Collections

Author

Marie-Hélène Burle

Values can be stored in collections. This section introduces tuples, dictionaries, sets, and arrays in Python.

Lists

Lists are declared in square brackets:

l = [2, 1, 3]
l
[2, 1, 3]
type(l)
list

They are mutable:

l.append(0)
l
[2, 1, 3, 0]

Lists are ordered:

['b', 'a'] == ['a', 'b']
False

They can have repeat values:

['a', 'a', 'a', 't']
['a', 'a', 'a', 't']

Lists can be homogeneous:

['b', 'a', 'x', 'e']
['b', 'a', 'x', 'e']
type('b') == type('a') == type('x') == type('e')
True

or heterogeneous:

[3, 'some string', 2.9, 'z']
[3, 'some string', 2.9, 'z']
type(3) == type('some string') == type(2.9) == type('z')
False

They can even be nested:

[3, ['b', 'e', 3.9, ['some string', 9.9]], 8]
[3, ['b', 'e', 3.9, ['some string', 9.9]], 8]

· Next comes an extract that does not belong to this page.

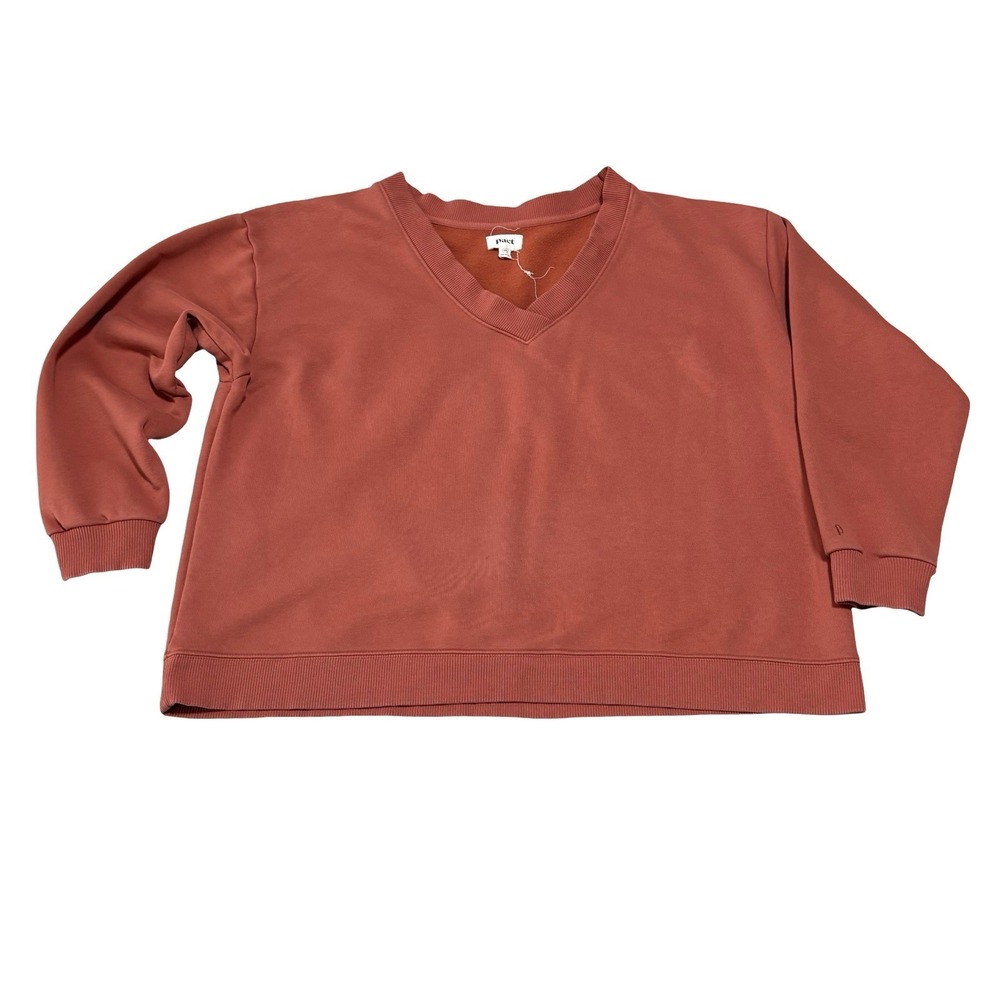 pact Women's V Neck Sweater Orange Cropped Boxy Fit Size XXL 27 x 25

The length of a list is the number of items it contains and can be obtained with the function len:

len([3, ['b', 'e', 3.9, ['some string', 9.9]], 8])
3

To extract an item from a list, you index it:

[3, ['b', 'e', 3.9, ['some string', 9.9]], 8][0]
3

Python starts indexing at 0, so what we tend to think of as the “first” element of a list is for Python the “zeroth” element.

[3, ['b', 'e', 3.9, ['some string', 9.9]], 8][1]
['b', 'e', 3.9, ['some string', 9.9]]
[3, ['b', 'e', 3.9, ['some string', 9.9]], 8][2]
8
# Of course you can't extract items that don't exist
[3, ['b', 'e', 3.9, ['some string', 9.9]], 8][3]
---------------------------------------------------------------------------
IndexError                                Traceback (most recent call last)
Cell In[15], line 2
      1 # Of course you can't extract items that don't exist
----> 2 [3, ['b', 'e', 3.9, ['some string', 9.9]], 8][3]

IndexError: list index out of range

You can index from the end of the list with negative values (here you start at -1 for the last element):

[3, ['b', 'e', 3.9, ['some string', 9.9]], 8][-1]
8

Your turn:

How could you extract the string 'some string' from the list [3, ['b', 'e', 3.9, ['some string', 9.9]], 8]?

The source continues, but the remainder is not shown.